To be fair, Klæbo was only third in his first-ever World Champs sprint, at Lahti in 2017, at age 20. Loser.
There were, at some level, fairly few surprises at the top end of today’s men’s field. Athletes who ranked second, third, fourth, fifth, seventh, and eighth in the qualification round were in the final; that’s a lot of chalk. From the outside, Michal Novák and Calle Halfvarsson making the final might raise some eyebrows, but that’s more a statement about their historical performance rather than anything else; both men have skied well in sprints this year.

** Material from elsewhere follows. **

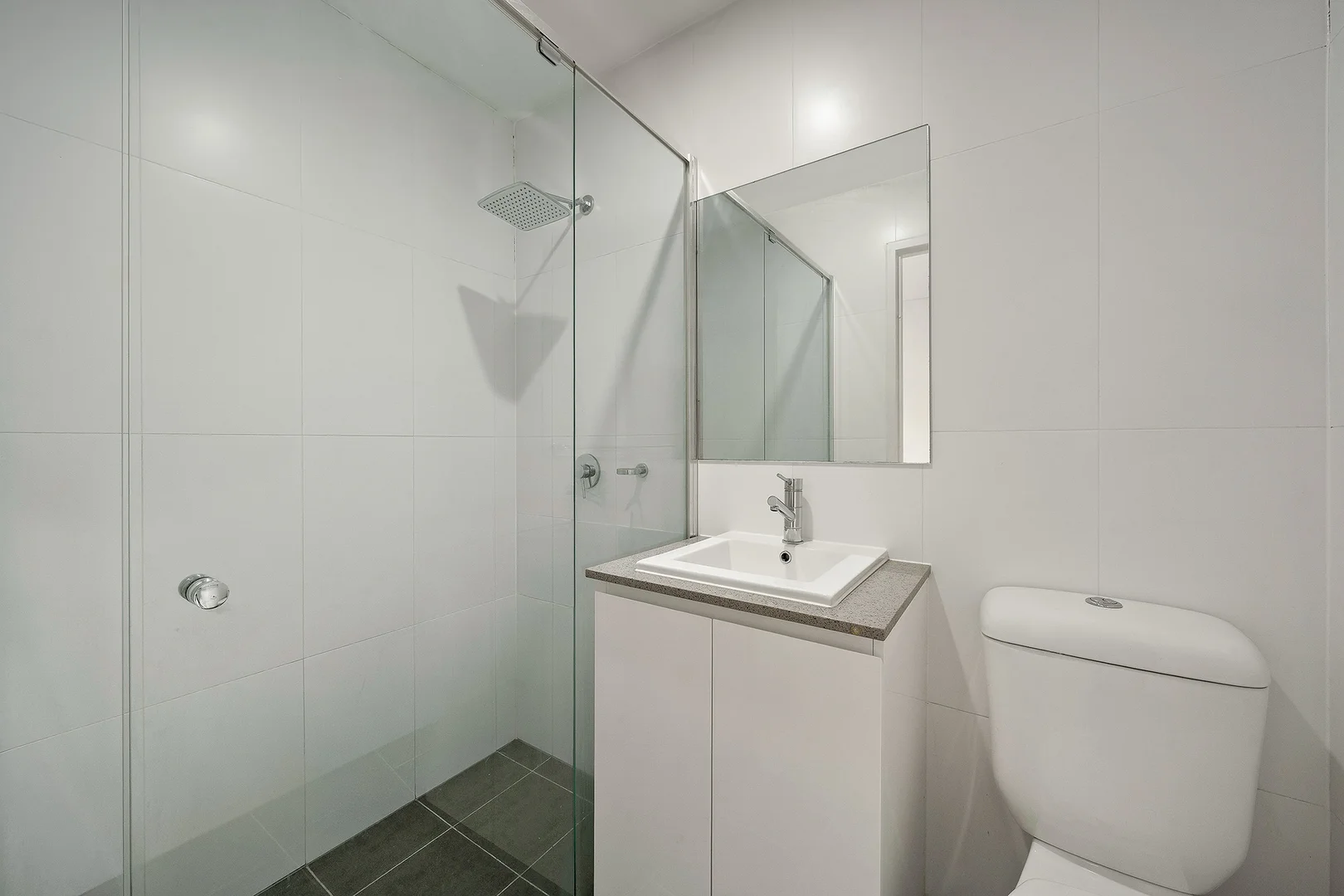 Additional image 7 of 14/80 Park Road, Homebush NSW 2140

The biggest surprises in the high-level men’s field, sad to say, may have come from the Americans. Kevin Bolger did not make the heats, finishing 44th in qualifying. Ben Ogden was solidly in the mix through the first two minutes of his quarterfinal, but then fell off the back going up the penultimate climb, ultimately crossing the line sixth in his heat.

And JC Schoonmaker looked strong while advancing out of his quarterfinal in second, but then was quickly off the back in his semifinal, exacerbated when he got caught up with Marcus Grate and fell going around a turn. The man just finished 9th in the world, so this may come across as unduly negative, but he was largely not in the mix out there in his semi.

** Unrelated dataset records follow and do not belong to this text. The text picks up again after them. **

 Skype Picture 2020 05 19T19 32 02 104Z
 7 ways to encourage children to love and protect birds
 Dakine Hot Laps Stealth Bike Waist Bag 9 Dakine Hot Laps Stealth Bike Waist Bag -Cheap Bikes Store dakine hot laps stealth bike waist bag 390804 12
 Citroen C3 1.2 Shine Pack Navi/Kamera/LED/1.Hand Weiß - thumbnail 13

Comments from all three men are forthcoming; please stay tuned, and check back later for more (updated: see below for comments). For the time being, you can jump to Ogden’s quarterfinal at the 1:02 mark of the Ski & Snowboard Live replay, and to Schoonmaker’s semi at 1:38:30.
The final, meanwhile (1:59 mark of the replay), was all Klæbo. The Norwegian employed a subtle strategy, seen, for example, in Timothy Cheruiyot’s performance in the 1500 meters at the 2019 World Athletics Championships: go immediately to the front and go faster than anyone else the entire way. Keep up if you can.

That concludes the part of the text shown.